In recent discussions with Federal Ministers, there has been a request for a clear ‘business case’ outlining the real cost of compliance where regulatory materials are not readily accessible. The ACA is leading this work in partnership with ACIF, recognising that this issue affects all in the built environment, and is not confined to architecture.
This also connects directly to our submission on the Modernisation of the National Construction Code (NCC). Where Standards are incorporated by reference into the NCC, they effectively become part of the regulatory framework.
Australian Standards referenced in the NCC should therefore be freely accessible, or available at minimal cost. Compliance with the law should not depend on the ability to pay to access it.
WHY THIS MATTERS
Architectural businesses are part of the delivery system for government priorities. If practice conditions are inefficient, project delivery is inefficient. Then what happens? Housing slows and capacity shrinks.
The solution? Improving the business environment for architects improves productivity and project certainty across the whole construction system.

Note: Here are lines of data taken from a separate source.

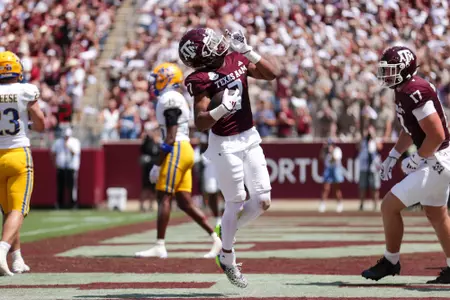 COLLEGE STATION, TX - September 07, 2024 - Wide receiver Moose Muhammad III #7 of the Texas A&M Aggies during the game between the McNeese St. Cowboys and the Texas A&M Aggies at Kyle Field in College Station, TX. Photo By Wesley Bowers/Texas A&M Athletics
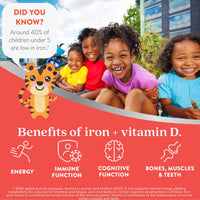 Active Iron Kids Chews, with Iron & Vitamin D, Blackcurrant Flavour, 30 Day Supply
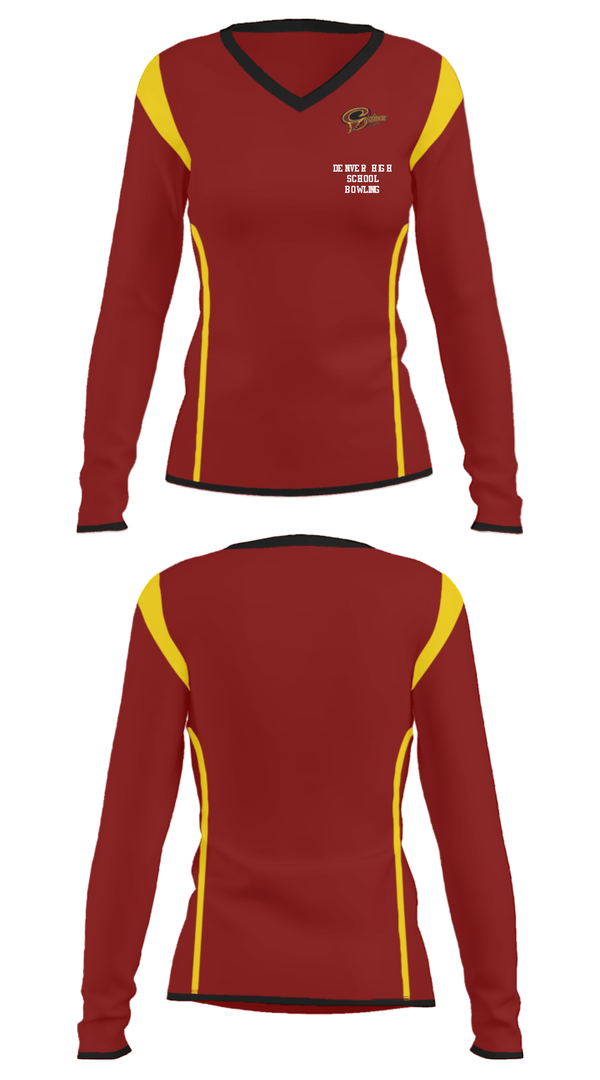 Women's Long Sleeve Vneck Shirt, Denver High School Bowling, Bowling, Teamtime, Team time, sublimation, custom sports apparel, team uniforms, spirit wear, spiritwear, sports uniforms, custom shirts, team store, custom team store, fundraiser sports, apparel fundraiser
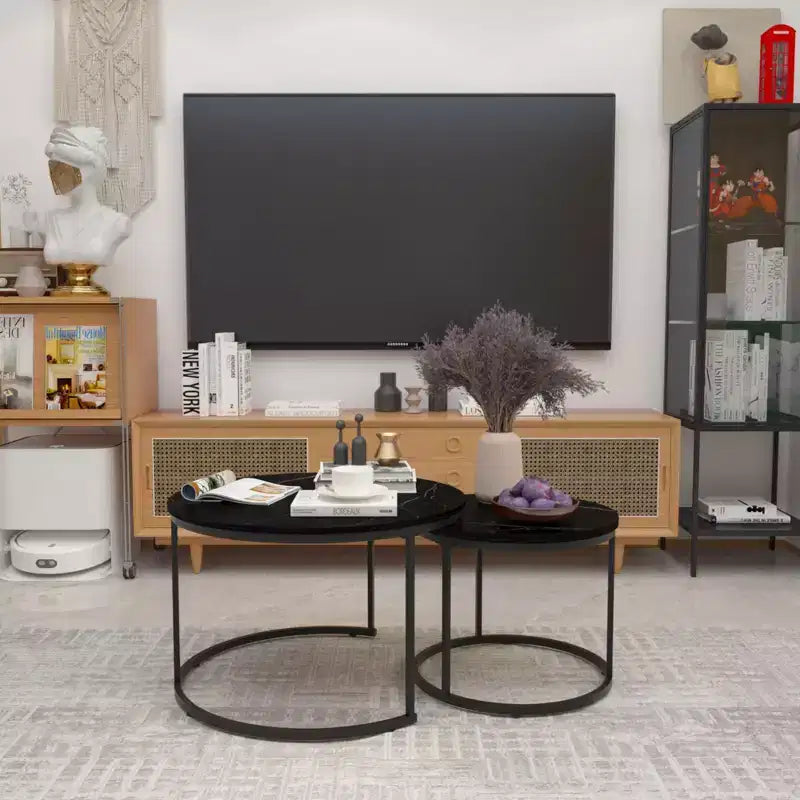HOMLUX Lot de 2 tables basses gigognes rondes, tables d'appoint en marbre, noir/blanc/marron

That is why this conversation is gradually gaining traction, because we are talking about delivery capability, not just professional representation.
COLLABORATIVE ADVOCACY
I’ve often lamented that our industry is too small for us to operate independently in silos. We need to harness the power of collective agency to break down professional boundaries and maximise our impact. That’s why we are pleased to announce a formal advocacy agreement with Consult Australia, strengthening a long-standing collaboration between our two business-focused organisations. The agreement establishes a clear, shared framework for advocacy, with aligned priorities, shared member insights and a focus on practical, business-led solutions. The industry benefits because we are stronger together.
WHAT HAPPENS NEXT
Over the coming months we will:
- continue to meet with Ministerial offices and departments
- test policy ideas with government advisors
- identify quick wins as well as longer-term reform opportunities
- bring members into consultation as proposals develop
Each meeting builds credibility and trust. The goal is not only to resolve individual issues, but to ensure the realities of architectural businesses are understood early in policy development affecting the built environment.
We are now firmly in that conversation.